Dampening tech startup momentum up would be terrible for the economy. According to CompTIA’s yearly Cyberstates report, the tech industry employs over 11.5 million people nationwide, and has an output of $1.6 trillion, representing over nine percent of the overall economy.
Those jobs aren’t just in Silicon Valley. According to the same report, over 203,000 Missourians are employed in tech jobs, contributing $20 billion to the state economy. Not only that, Missouri is becoming something of a hot spot for tech startups in the region.
We should be passing legislation to empower entrepreneurship, not scare it away.
To make matters worse, it’s not just the tech industry that would bear the brunt if Section 230 protections are eliminated. All businesses, from larger companies to mom-and-pops on Main Street, rely on the internet for things like marketing, sales, and operations. If online ads goes away, expensive billboards become the next, best option for many small businesses.
According to the Small Business Administration, the Show-Me State had over 523,000 small businesses employing 1.1 million people in 2018.
Many small businesses operate on the slimmest of margins; if Congress damages one of their best tools – a free and open internet – many businesses could face closure.

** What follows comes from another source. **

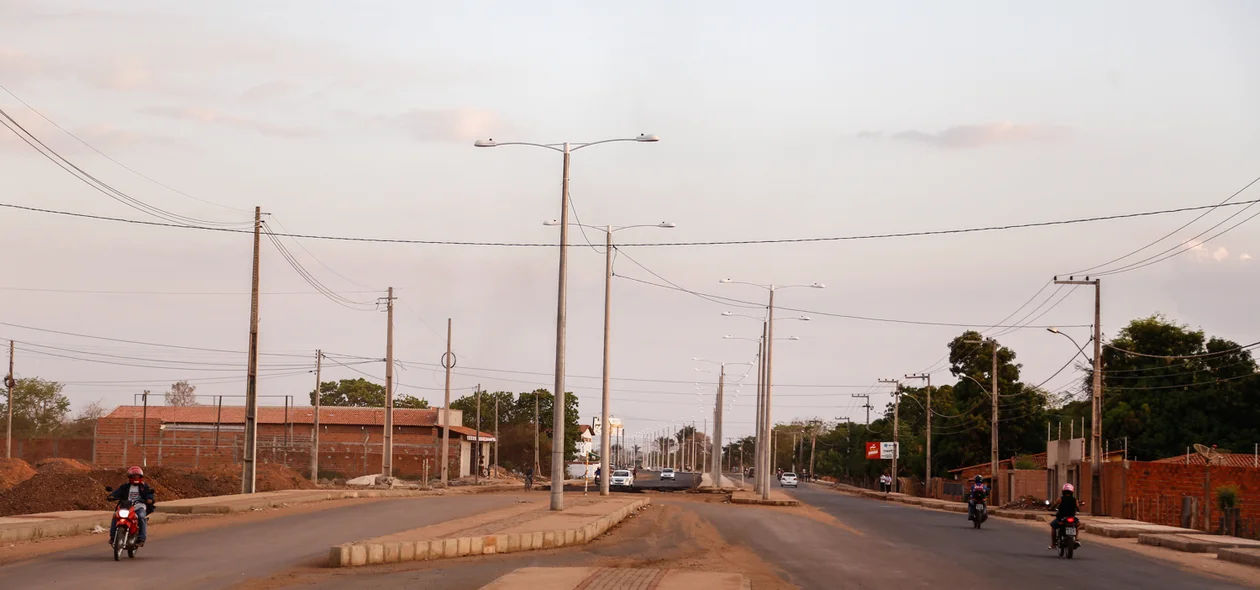 Obras da Avenida Poty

As Congress starts debating internet regulation, protecting small businesses, job creation and economic growth should be top priorities. Senator Josh Hawley has fought to change tech regulations since his days as our Attorney General, but his proposal to weaken Section 230 is not the change we need and could end up doing more harm.
Missourians should let Senator Hawley and all of our representatives in Congress know that any regulation of the internet and data collection should stand on the side of free speech and small businesses in Missouri, not big government regulators.
Karan Pujji is an entrepreneur, and former candidate for State Representative from St. Louis.